Der versuchte Brandanschlag auf die Pasinger Moschee scheint kaum Spuren hinterlassen zu haben. Sichtbare nicht, was wohl einfach Glück war. Weil der Brandsatz vor dem Schaufenster des Ladens im Erdgeschoss nicht explodiert ist, und weil Passanten das Feuer gleich löschen konnten.

Besonnenheit nach Anschlag

Aber selbst die unsichtbaren Spuren, Wut, Hass gar, die solche Anschläge bei den Betroffenen für gewöhnlich hinterlassen - man spürt sie nicht. Und das ist kein Glück, das liegt an der Besonnenheit der muslimischen Gemeindemitglieder.

Günes Onur, 54, sitzt auf dem Boden des Gebetsraumes, über ihm spannt sich die imposante, mit Kalligraphien und Mosaiken bunt verzierte Kuppel der Haci Bayram Moschee.

Ein TV-Team hat hier gerade gedreht. Bedächtig berichtet Onur vom Geschehenen. Ja, räumt der Kulturreferent der Gemeinde ein, "ein komisches Gefühl" hinterlasse der Vorfall schon, man sei wachsamer, vorsichtiger. Aber er will das Ereignis nicht überbewerten.

"Teufelskreis gegenseitiger Verdächtigungen vermeiden"

Auf keinen Fall dürfe man in diesen Teufelskreislauf aus gegenseitigen Verdächtigungen hineingeraten, hier die Deutschen, dort die Muslime. "Verrückte gibt es überall, das kann man nicht verallgemeinern."

Und Safet Tepe, der Erste Vorsitzende von Diynet, des Türkisch Islamischen Kulturvereins, dem die Moschee gehört, zuckt nur die Schultern. Angst? "Wir haben ja niemandem etwas getan." Er brummt das in sich hinein, spricht kein Hochdeutsch. Bayerisch spricht er. "Warum sollten wir Angst haben?" Er hätte wohl auch sagen können: Ja mei.

Würde nicht die Polizei am Nachbartisch sitzen und fragen, wie man die Vorsitzenden notfalls telefonisch erreichen könne - nichts würde auf das Ereignis hinweisen, das viele Münchner, Christen wie Muslime, in Aufregung versetzt hat.

"Warnzeichen"

So werten die Grünen im Stadtrat den Anschlag als "Warnzeichen" und fordern die Einrichtung eines Runden Tisches. "Muslime in München" soll der heißen.

350 Mitglieder zählt die islamische Gemeinde, sie kommen aus Pasing und Umgebung in die stattliche Moschee mit den beiden Minaretten.

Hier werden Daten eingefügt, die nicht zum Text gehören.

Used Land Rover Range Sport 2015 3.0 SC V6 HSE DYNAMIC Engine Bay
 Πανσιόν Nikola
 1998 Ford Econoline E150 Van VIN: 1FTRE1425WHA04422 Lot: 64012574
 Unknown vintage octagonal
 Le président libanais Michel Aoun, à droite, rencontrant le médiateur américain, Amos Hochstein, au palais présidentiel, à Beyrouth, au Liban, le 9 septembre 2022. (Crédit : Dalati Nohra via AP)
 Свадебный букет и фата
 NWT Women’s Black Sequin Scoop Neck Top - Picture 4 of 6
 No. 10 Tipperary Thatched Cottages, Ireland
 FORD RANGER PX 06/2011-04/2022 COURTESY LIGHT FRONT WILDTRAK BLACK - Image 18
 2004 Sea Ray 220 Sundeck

Das Gebäude, erst vor gut zwei Jahren fertig geworden, ist ein Blickfang in der Planegger Straße, und wahrscheinlich ist es deshalb zum Ziel des Anschlags geworden.

Es beherbergt, neben einer Bibliothek, einem Aufenthaltsraum und Wohnungen, auch einen kleinen Lebensmittelladen. Dort arbeitet Hakan Düzenli, der Laden gehört seinem Vater. "Das kam mir vor wie eine Warnung", sagt der 17-Jährige. Ja, er ist besorgt, wie das alles weitergehen soll.

Und dann greift er die Phrase von der zivilisierten Welt auf, die für viele zum Synonym für die nicht-islamische Welt geworden ist. "Das", sagt er und deutet auf die Scheibe, "das waren angeblich zivilisierte Menschen."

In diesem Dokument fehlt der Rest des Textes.